Here at Brains Trust, I love a good drink. As I’ve written before, wine can make you more creative while regular coffee consumption can make you live longer.
But sometimes, you need to put the science to one side and think solely about what the other person will think of you. This is especially the case during business lunches when you’re trying to impress.
Here’s the rub. According to a study to be published in the April issue of the Journal of Consumer Psychology, simply being seen holding an alcoholic beverage makes you seem dumb.
Scott I Rick and Maurice E Schweitzer, researchers at the University of Michigan and the Wharton School of Business, know getting drunk makes you behave stupidly.

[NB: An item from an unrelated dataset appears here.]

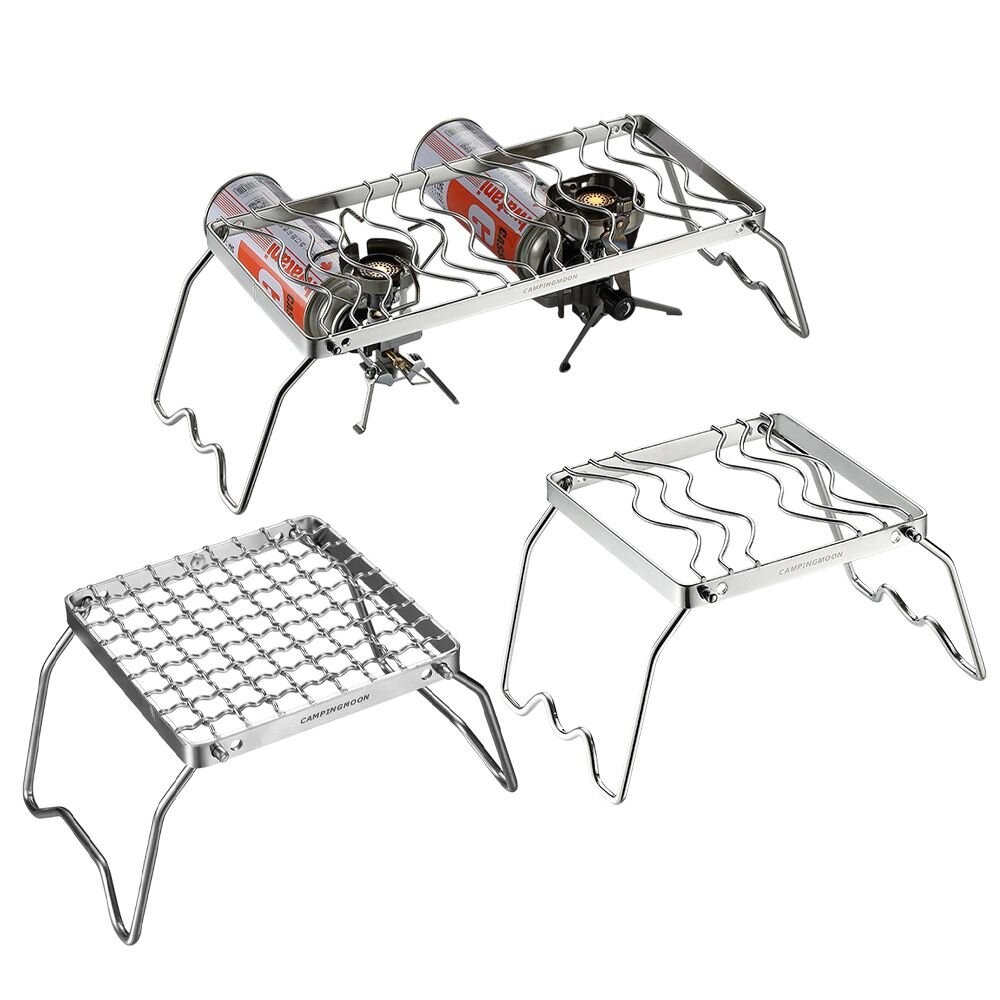 柯曼 迷你爐架 S型 田字型 加長型 MS-1001 可調節爐架 不鏽鋼 摺疊爐架 campingmoon 露營 逐露天-細節圖2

But they wanted to look at how people perceived people who were drinking, even if they weren’t drunk.
To test this, they came up with five separate experiments where subjects were placed in a situation and asked to evaluate the intelligence and persuasiveness of someone speaking, either with an alcoholic drink in their hand, or with a glass of Coke. The people taking part in the experiment were told they were evaluating someone as a speaker, or evaluating their persuasiveness, with intelligence being one of the things they were asked to assess. A minimum of 100 people were selected for every specific experiment.
There was no difference in likeability between someone drinking or not drinking. But the researchers documented a clear bias against alcohol drinkers in the intelligence stakes. They dubbed it the ‘imbibing idiot bias’.
Worryingly, this doesn’t square with what most executives think about wine when it comes to their own consumption, the researchers found. They asked 44 executive MBA students (ie working executives doing an MBA) whether they would order wine at a dinner interview. Most (70.5%) said they would, as it would make them seem more intelligent than ordering a soft drink.
Alcohol doesn’t make you dumb, the researchers add. In fact, they quote a number of studies that find moderate drinkers outperform those who never drink on a range of cognitive tests. Nonetheless, the bias persists.
Maybe save that glass of wine for lunch with friends.